**Exercise goal:** Note on the material below: return exactly the lines from the line that holds "Gilera Citta volledig" through the line that holds "Curious squirrel", and leave out each picture.

----- Material provided

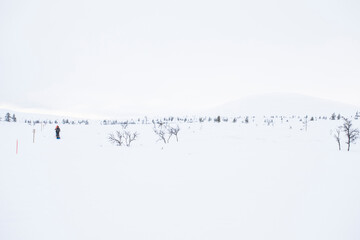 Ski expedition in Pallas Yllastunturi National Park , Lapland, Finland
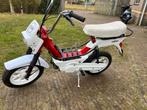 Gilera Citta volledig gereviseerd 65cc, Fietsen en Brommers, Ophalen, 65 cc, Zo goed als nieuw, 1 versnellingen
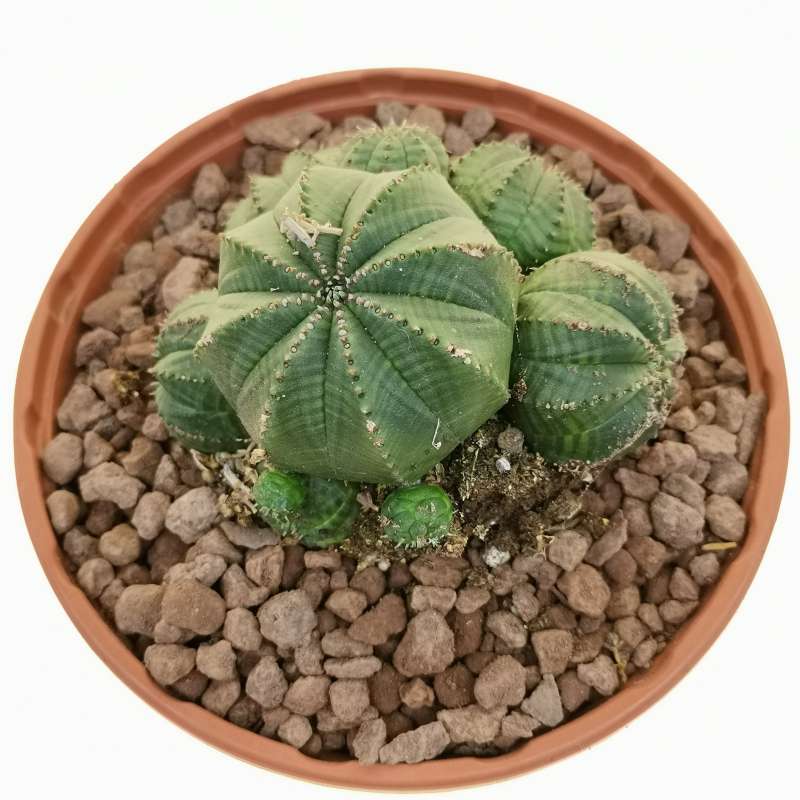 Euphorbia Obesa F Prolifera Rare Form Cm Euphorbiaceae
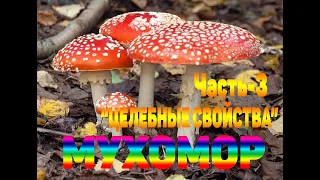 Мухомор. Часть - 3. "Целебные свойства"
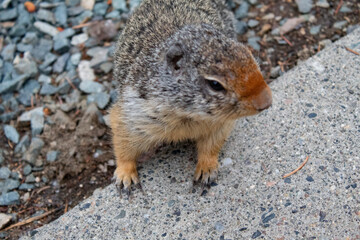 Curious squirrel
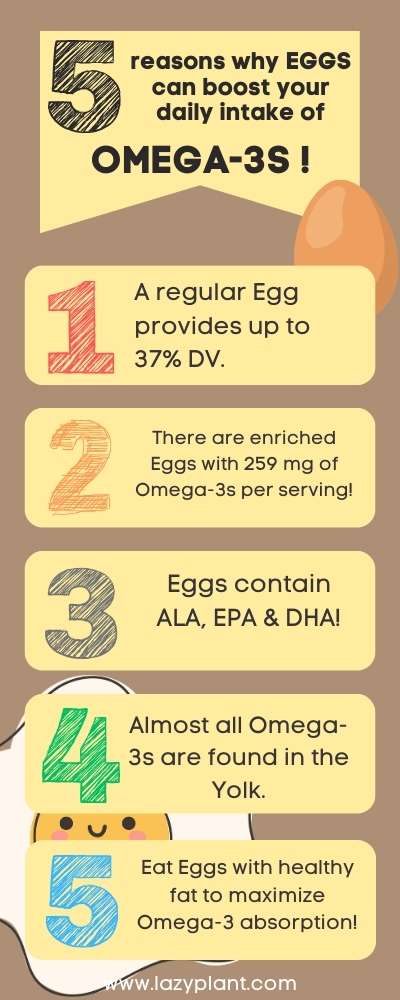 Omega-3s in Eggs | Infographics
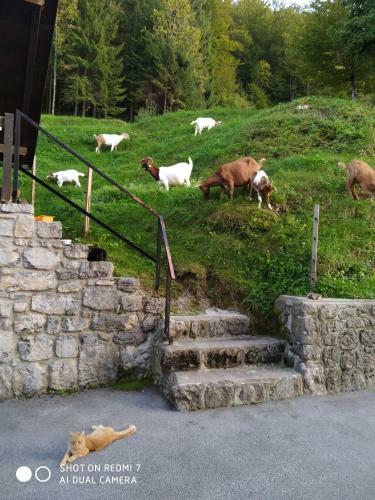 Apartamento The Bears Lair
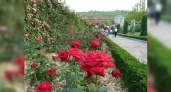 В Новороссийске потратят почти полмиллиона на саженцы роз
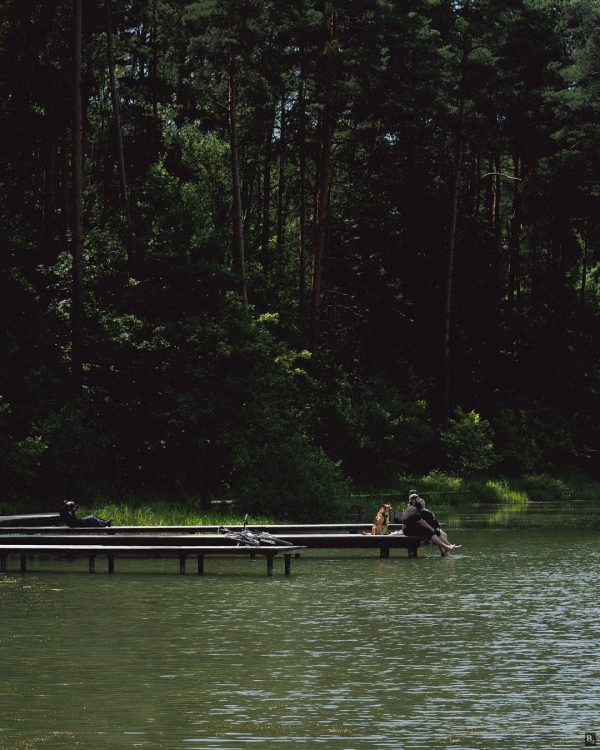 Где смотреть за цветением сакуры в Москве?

----------

**Task output:**
 Gilera Citta volledig gereviseerd 65cc, Fietsen en Brommers, Ophalen, 65 cc, Zo goed als nieuw, 1 versnellingen
 Euphorbia Obesa F Prolifera Rare Form Cm Euphorbiaceae
 Мухомор. Часть - 3. "Целебные свойства"
 Curious squirrel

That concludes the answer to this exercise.